FMCC Closing Ideas

Section 2.4 Closing Ideas

Most textbooks will have hundreds of problems for you to work on, especially for a section like this one. And there's certainly value to practicing those manipulations over and over again so that you can get a lot of experience. However, the approach of this textbook is much more about slowing you down to help you create a solid mental framework for understanding mathematical ideas.

One piece of that framework of mathematical thinking is the ability to take something complicated and break it down into simpler pieces. One of the ways that manifests is the transition from working with numbers to working with variables.
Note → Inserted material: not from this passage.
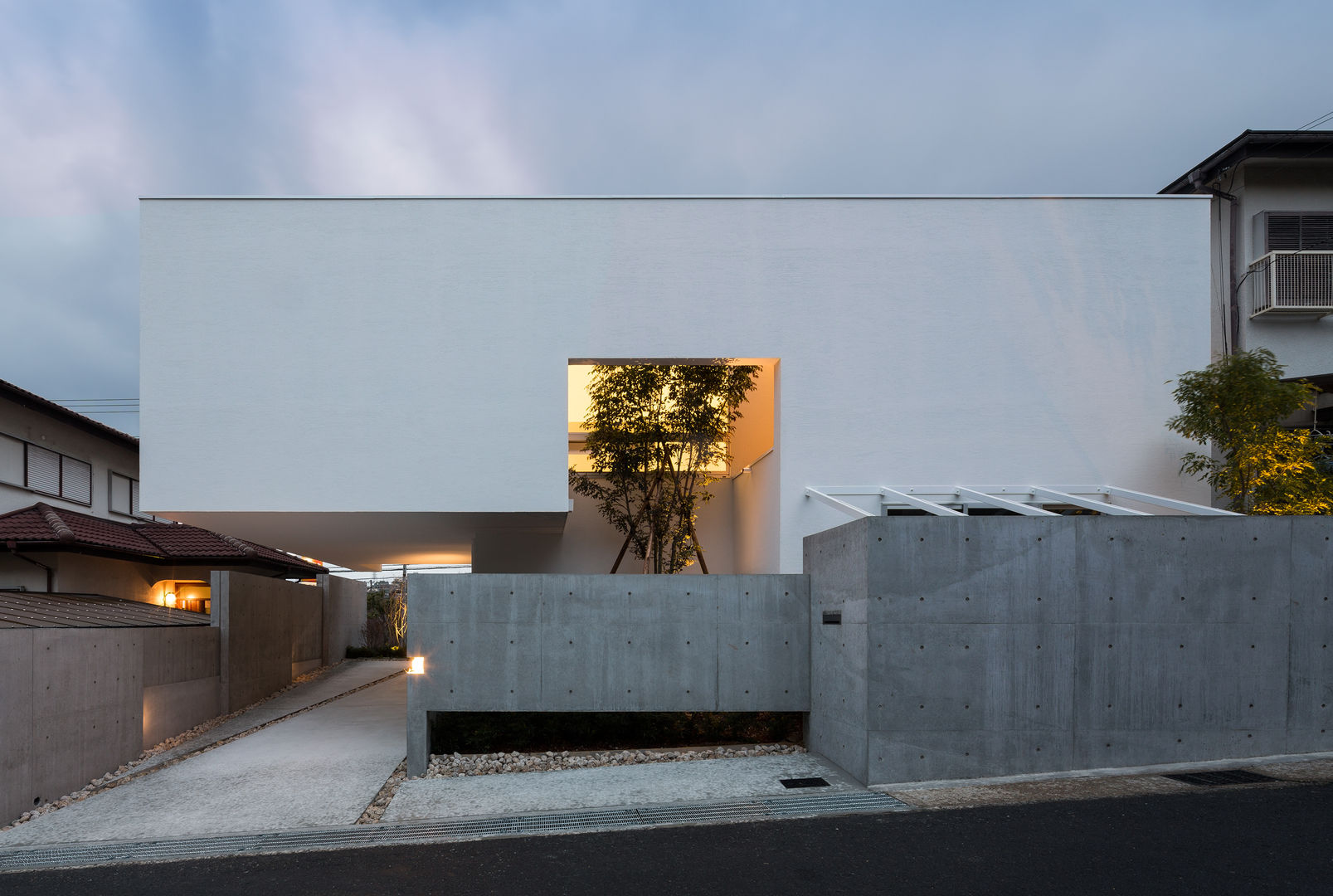 The House supplies a monotonous street with a passing view Kenji Yanagawa Architect and Associates モダンな 家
We tried to set you up with this idea in the forward direction by giving you a series of equations with numbers before asking you to work with variables:

\begin{equation*} \left. \begin{aligned} x + 3 \amp = 7 \longrightarrow \text{Subtract $3$ from both sides} \\ x + 4 \amp = 7 \longrightarrow \text{Subtract $4$ from both sides} \\ x + 5 \amp = 7 \longrightarrow \text{Subtract $5$ from both sides} \\ x + 6 \amp = 7 \longrightarrow \text{Subtract $6$ from both sides} \end{aligned} \right\} \implies x + b = 7 \longrightarrow \text{Subtract $b$ from both sides} \end{equation*}